Five-Year Outcomes Published for Medtronic's CoreValve TAVR System in High-Risk Patients
November 26, 2018—The 5-year outcomes from the randomized United States pivotal high-risk trial of the CoreValve transcatheter aortic valve replacement (TAVR) system (Medtronic) were published by Thomas G. Gleason, MD, et al in Journal of the American College of Cardiology (JACC; 2018;72:2687–2696).
The investigators reported midterm 5-year outcomes of safety, performance, and durability for TAVR compared with surgical aortic valve replacement (SAVR). At 1 year, the trial had demonstrated superior 1-year mortality of TAVR versus SAVR among patients at high operative mortality risk.
In the study, surgical high-risk patients were randomized (1:1) to TAVR with the self-expanding CoreValve bioprosthesis or SAVR. Valve Academic Research Consortium I definitions were applied.
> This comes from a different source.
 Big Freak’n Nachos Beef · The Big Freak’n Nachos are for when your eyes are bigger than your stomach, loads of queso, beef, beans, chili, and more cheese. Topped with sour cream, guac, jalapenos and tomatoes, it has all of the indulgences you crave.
Severe hemodynamic structural valve deterioration was defined as a mean gradient ≥ 40 mm Hg or a change in gradient ≥ 20 mm Hg or new severe aortic regurgitation.
As summarized in JACC, a total of 797 patients were randomized at 45 centers in the United States, with 750 patients undergoing an attempted implant (TAVR, 391; SAVR, 359). The overall mean age was 83 years, and the Society of Thoracic Surgeons score was 7.4%.
The investigators reported the following at 5 years for TAVR versus SAVR, respectively:
- All-cause mortality rate, 55.3% vs 55.4%
- Subgroup analysis showed no differences in mortality
- Major stroke rate, 12.3% vs 13.2%
- Mean aortic valve gradients, 7.1 ± 3.6 vs 10.9 ± 5.7 mm Hg
- No clinically significant valve thrombosis was observed
- Freedom from severe structural valve deterioration, 99.2% vs 98.3% (P = .32)
- Freedom from valve reintervention, 97% vs 98.9% (P = .04)
- Patients implanted with a permanent pacemaker, 33% vs 19.8%
This study shows similar midterm survival and stroke rates in high-risk patients following TAVR or SAVR; additionally, severe structural valve deterioration and valve reinterventions were uncommon, concluded the investigators in JACC.